Assignment: Every record that follows should be copied exactly. No picture belongs in the copy.

Dataset items:
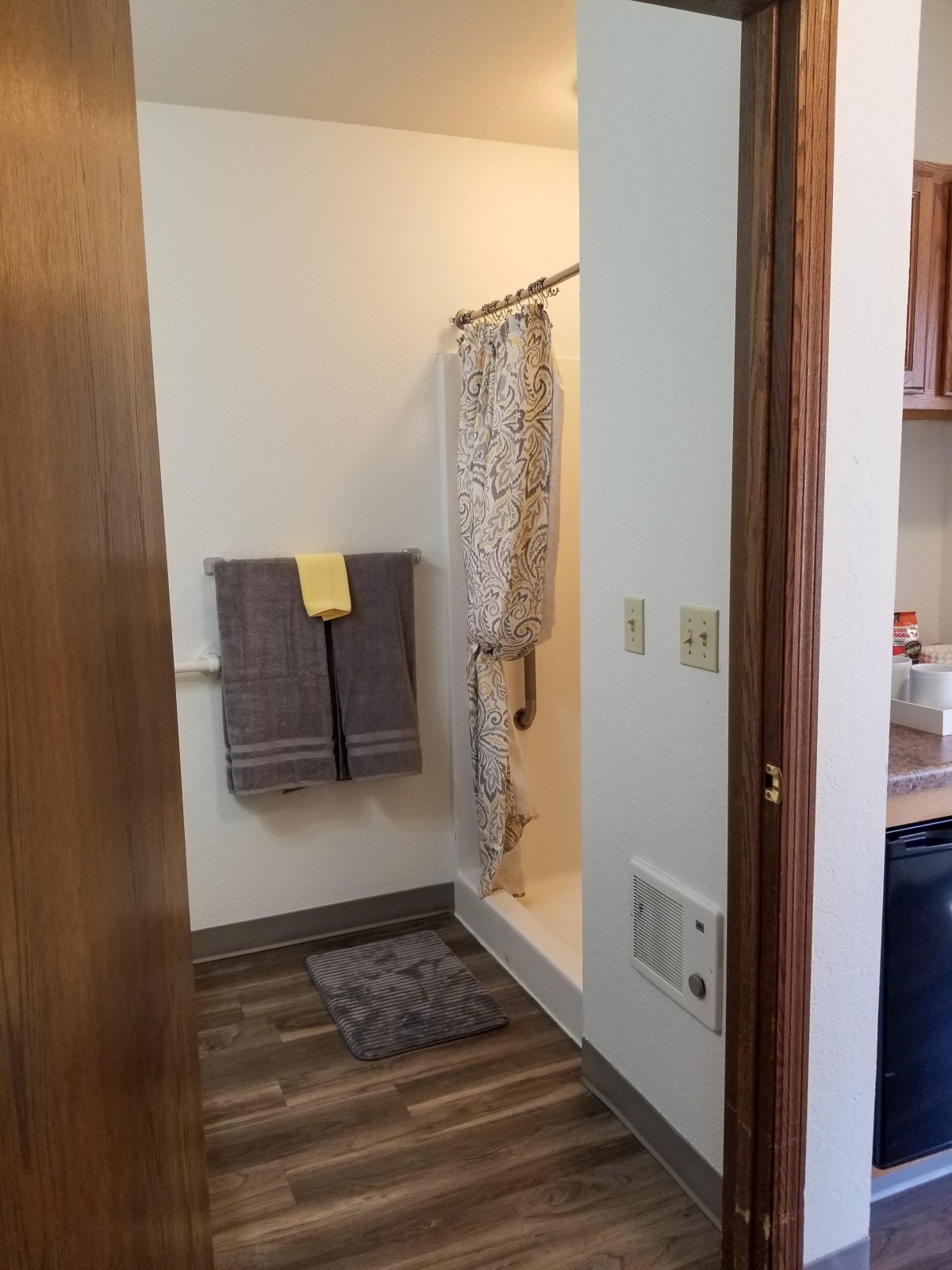 A view of a bathroom with a shower and towels neatly arranged.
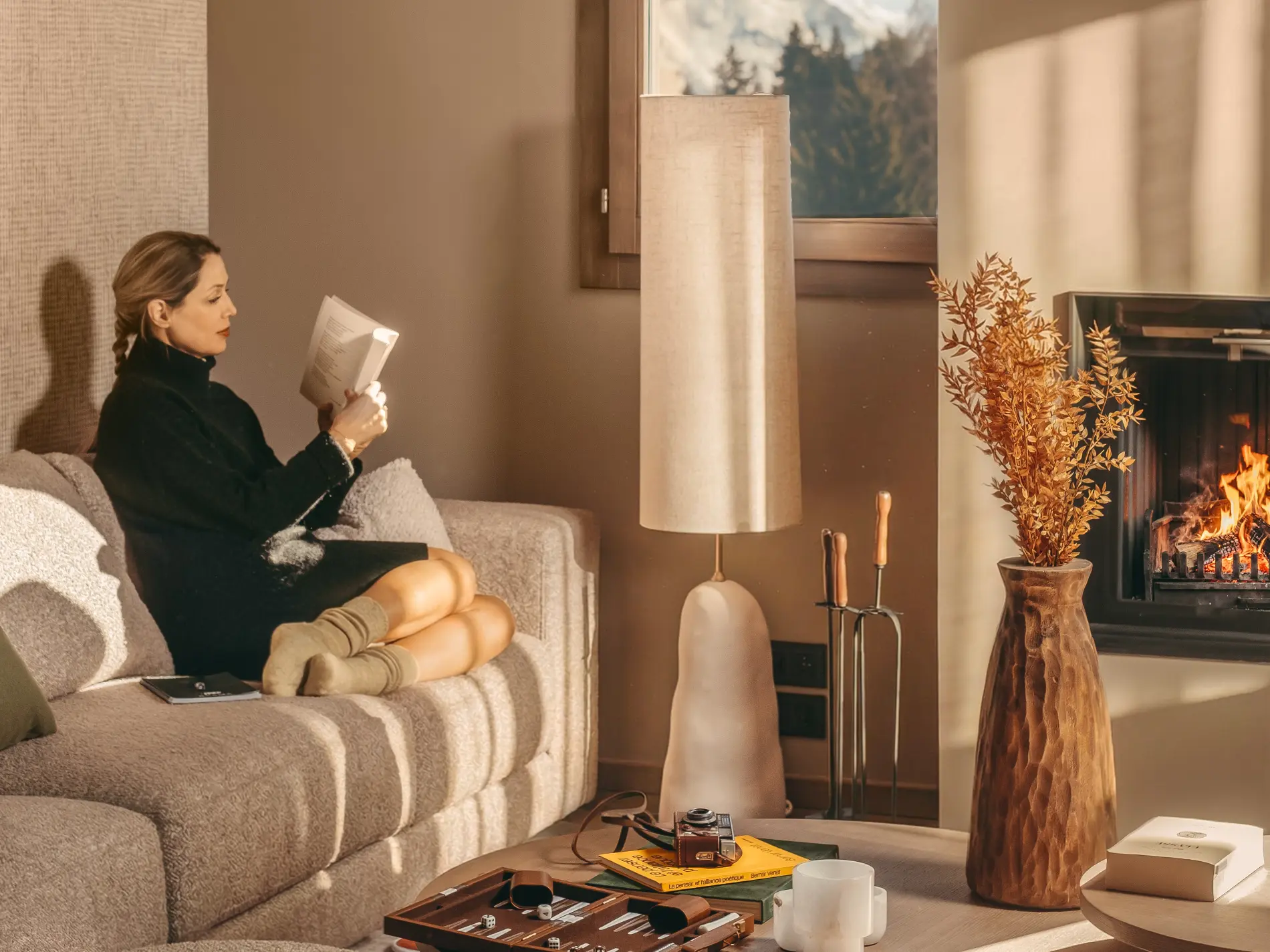 Femme lisant un livre sur un canapé près d'une cheminée allumée dans le salon d'une suite de l'hôtel Bârma à Courchevel La Tania, vue sur les sommets enneigés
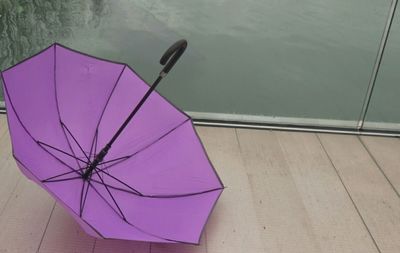 High angle view of purple umbrella on boardwalk over lake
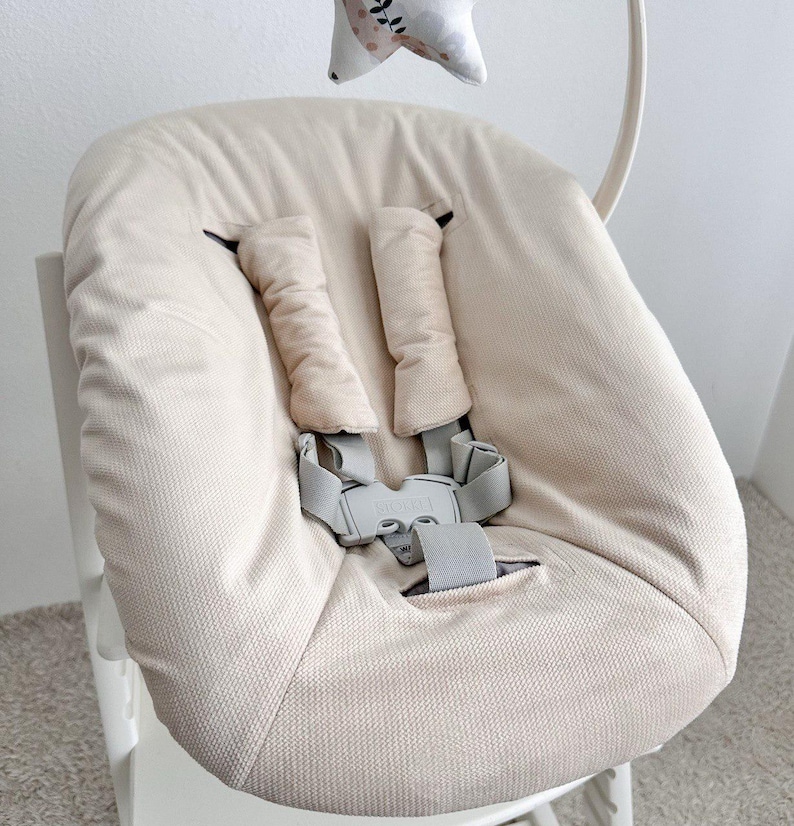 May include: Beige high chair seat with a five-point harness and padded shoulder straps. The seat has a soft, textured fabric and a gray buckle. A decorative star-shaped toy hangs above the seat.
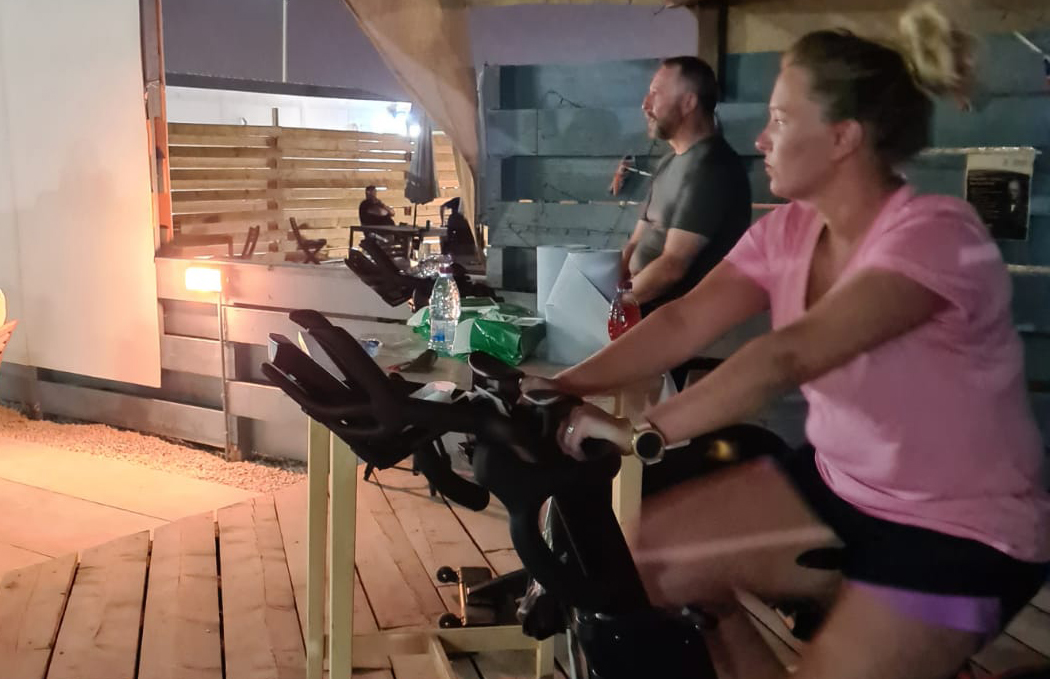 Two personnel on exercise bikes with hand sanitiser station between them.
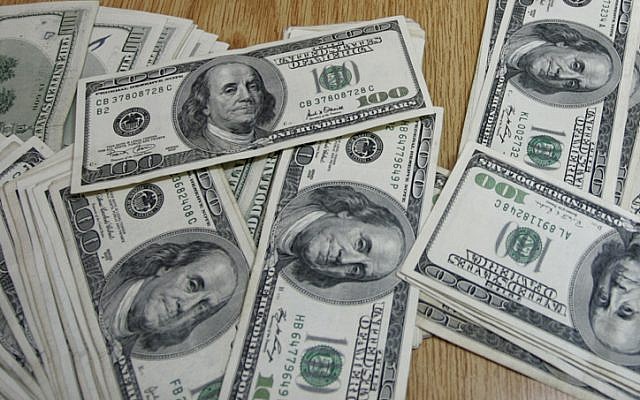 Illustration of US dollar bills. (photo credit: Abed Rahim Khatib/Flash 90)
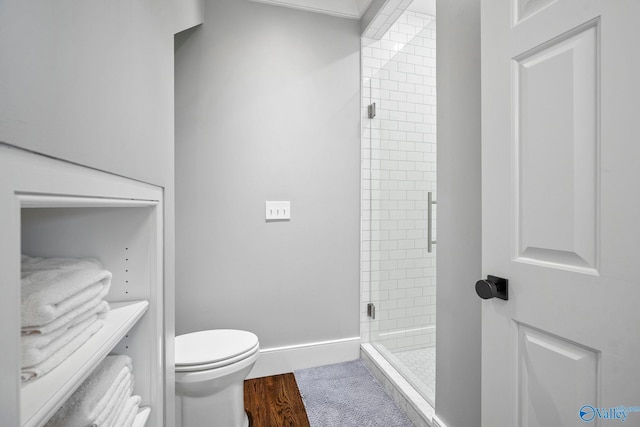 bathroom with toilet, wood finished floors, a stall shower, and baseboards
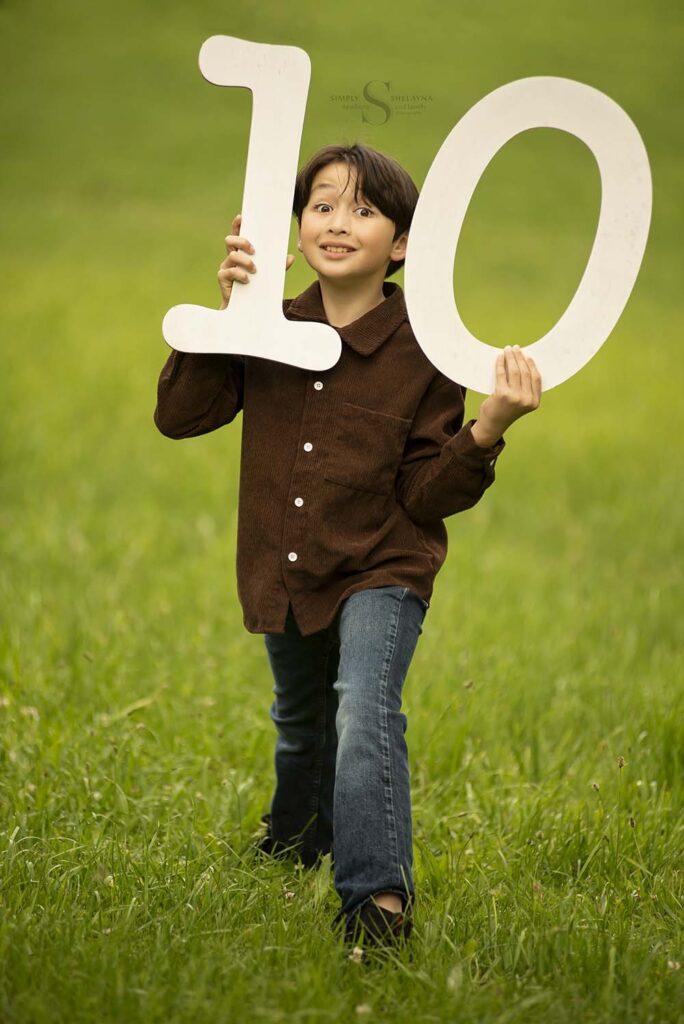 A ten year old boy poses with wooden digits to form a '10' to signify his age with Simply Shelayna Photography in CNY.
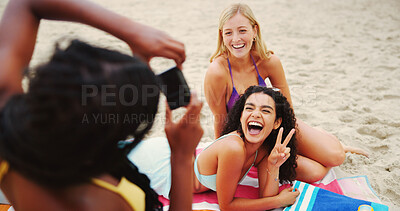Buy stock photo Camera, women or friends at sea with smile, funny joke or reunion for photography on holiday. Peace sign, laugh or happy people bonding together on break for picture, fun memory or diversity at beach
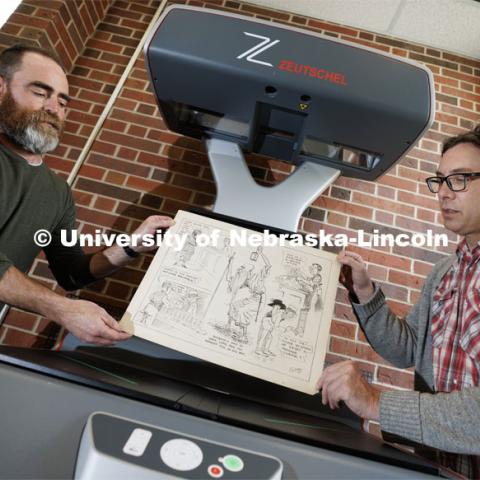 Richard Graham (right), Associate Professor in University Libraries, and John Wiese place an Oz Black cartoon onto the scanner bed to digitize the drawing. Graham and Wiese are building an online archive of editorial cartoons from Nebraska alumnus Oz Black. These cartoons are mostly from the 1920s and 1930s and ran in Nebraska newspapers headquartered in Lincoln. April 20, 2023. Photo by Craig Chandler / University Communication.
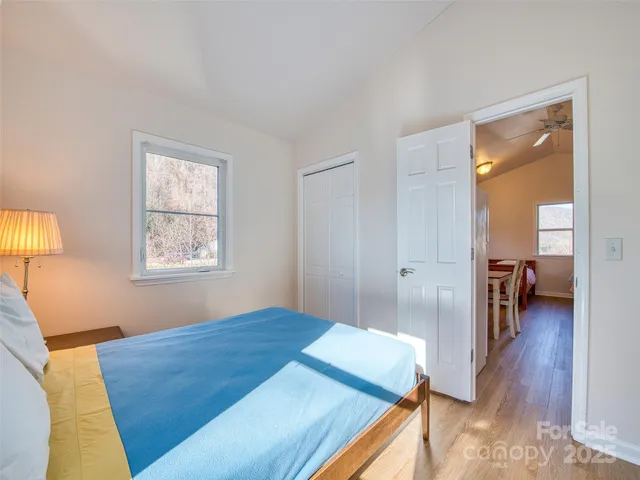 a bedroom with a bed and a view of bedroom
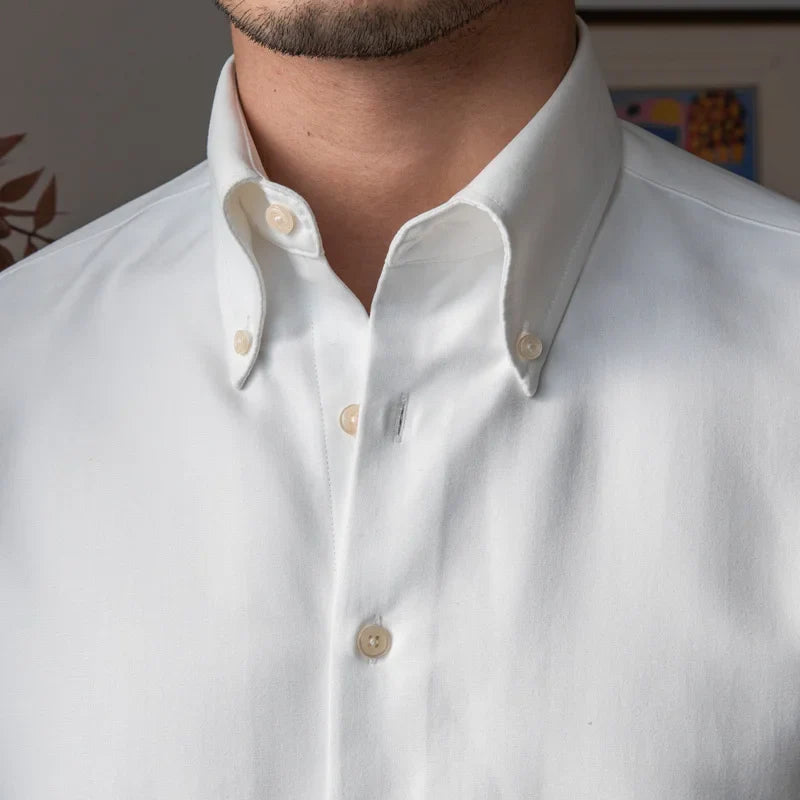 Slim fit solid business shirt with turn-down collar, suitable for office and social wear.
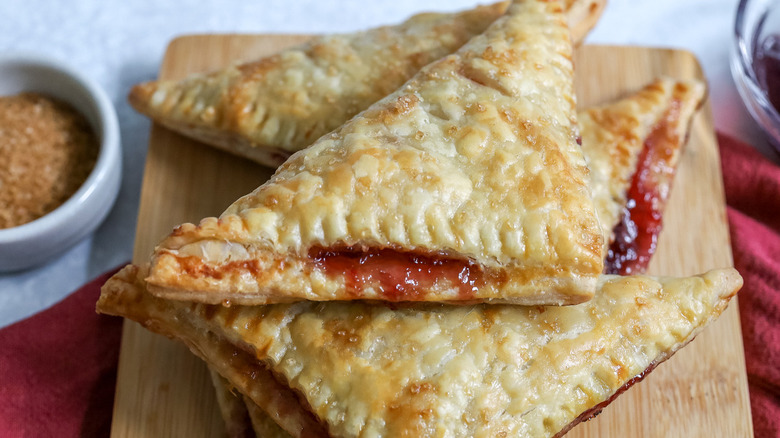 cherry turnovers on wooden board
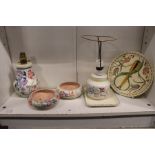 A quantity of Poole pottery and similar china to include lamp bases and bowls.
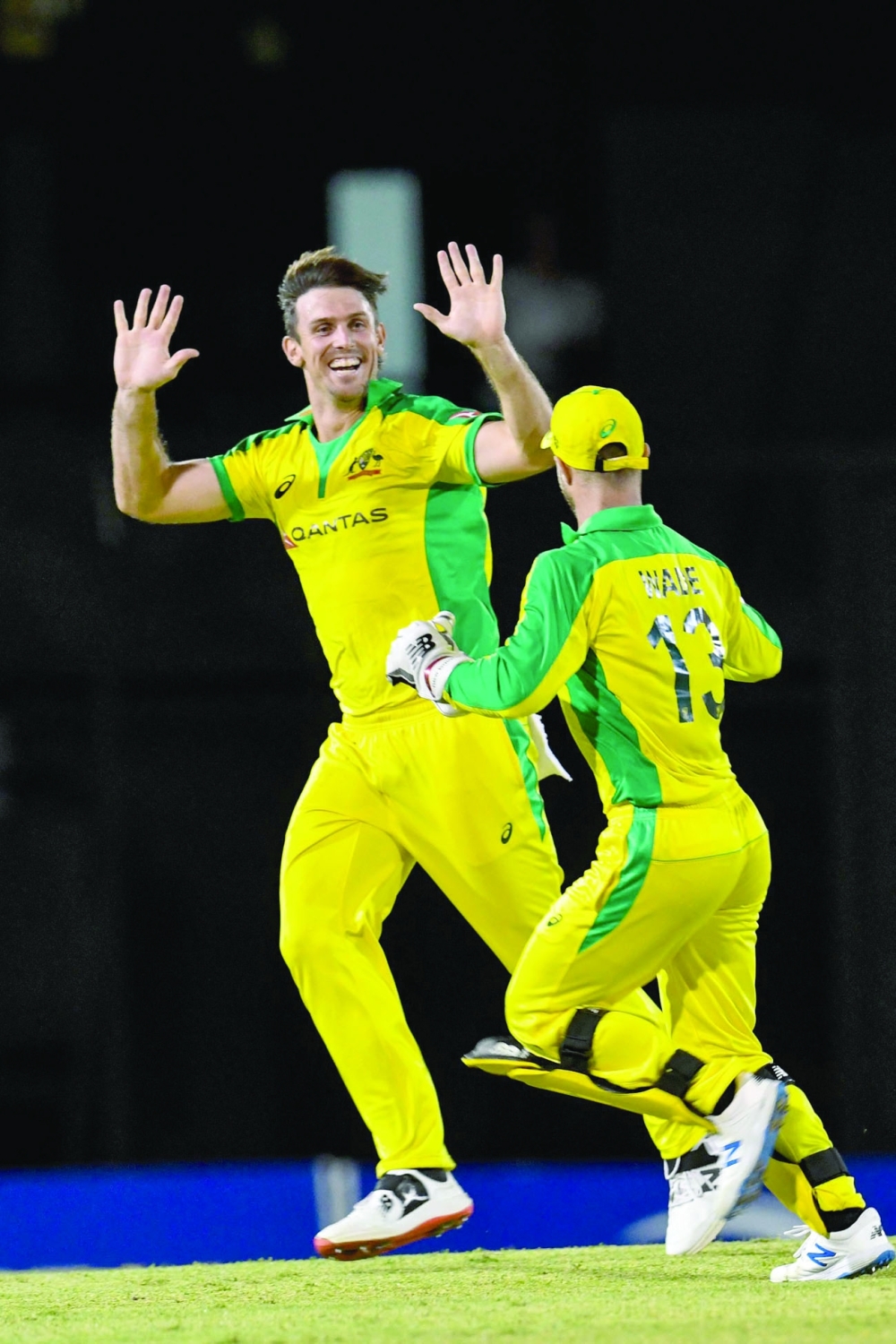 Mitchell Marsh (L) of Australia celebrates the dismissal of Lendl Simmons of West Indies. -- AFP
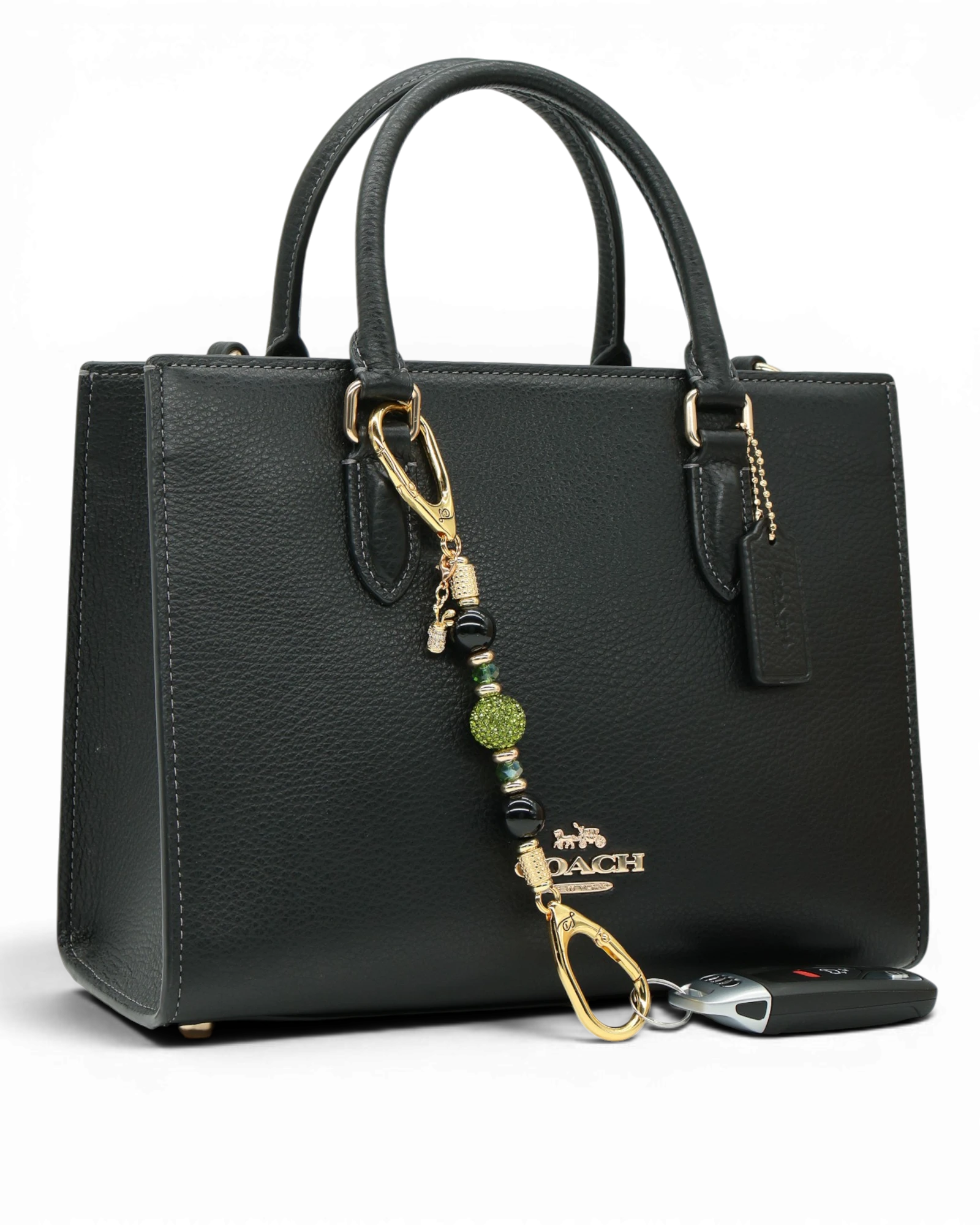 LD Keyfinder Golden Fairway Mini with obsidian, moss green crystals, and a golf bag charm attached to a black bag.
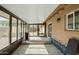 Sun room with lots of light and tiled floors that offer beautiful space for relaxation and enjoyment at 1158 N Barkley St, Mesa, AZ 85203
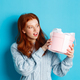 Curious teen girl with red hair, shaking gift box and wonder what inside, standing over blue - PhotoDune Item for Sale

Answer to this problem:
 A view of a bathroom with a shower and towels neatly arranged.
 Femme lisant un livre sur un canapé près d'une cheminée allumée dans le salon d'une suite de l'hôtel Bârma à Courchevel La Tania, vue sur les sommets enneigés
 High angle view of purple umbrella on boardwalk over lake
 May include: Beige high chair seat with a five-point harness and padded shoulder straps. The seat has a soft, textured fabric and a gray buckle. A decorative star-shaped toy hangs above the seat.
 Two personnel on exercise bikes with hand sanitiser station between them.
 Illustration of US dollar bills. (photo credit: Abed Rahim Khatib/Flash 90)
 bathroom with toilet, wood finished floors, a stall shower, and baseboards
 A ten year old boy poses with wooden digits to form a '10' to signify his age with Simply Shelayna Photography in CNY.
Buy stock photo Camera, women or friends at sea with smile, funny joke or reunion for photography on holiday. Peace sign, laugh or happy people bonding together on break for picture, fun memory or diversity at beach
 Richard Graham (right), Associate Professor in University Libraries, and John Wiese place an Oz Black cartoon onto the scanner bed to digitize the drawing. Graham and Wiese are building an online archive of editorial cartoons from Nebraska alumnus Oz Black. These cartoons are mostly from the 1920s and 1930s and ran in Nebraska newspapers headquartered in Lincoln. April 20, 2023. Photo by Craig Chandler / University Communication.
 a bedroom with a bed and a view of bedroom
 Slim fit solid business shirt with turn-down collar, suitable for office and social wear.
 cherry turnovers on wooden board
 A quantity of Poole pottery and similar china to include lamp bases and bowls.
 Mitchell Marsh (L) of Australia celebrates the dismissal of Lendl Simmons of West Indies. -- AFP
 LD Keyfinder Golden Fairway Mini with obsidian, moss green crystals, and a golf bag charm attached to a black bag.
 Sun room with lots of light and tiled floors that offer beautiful space for relaxation and enjoyment at 1158 N Barkley St, Mesa, AZ 85203
 Curious teen girl with red hair, shaking gift box and wonder what inside, standing over blue - PhotoDune Item for Sale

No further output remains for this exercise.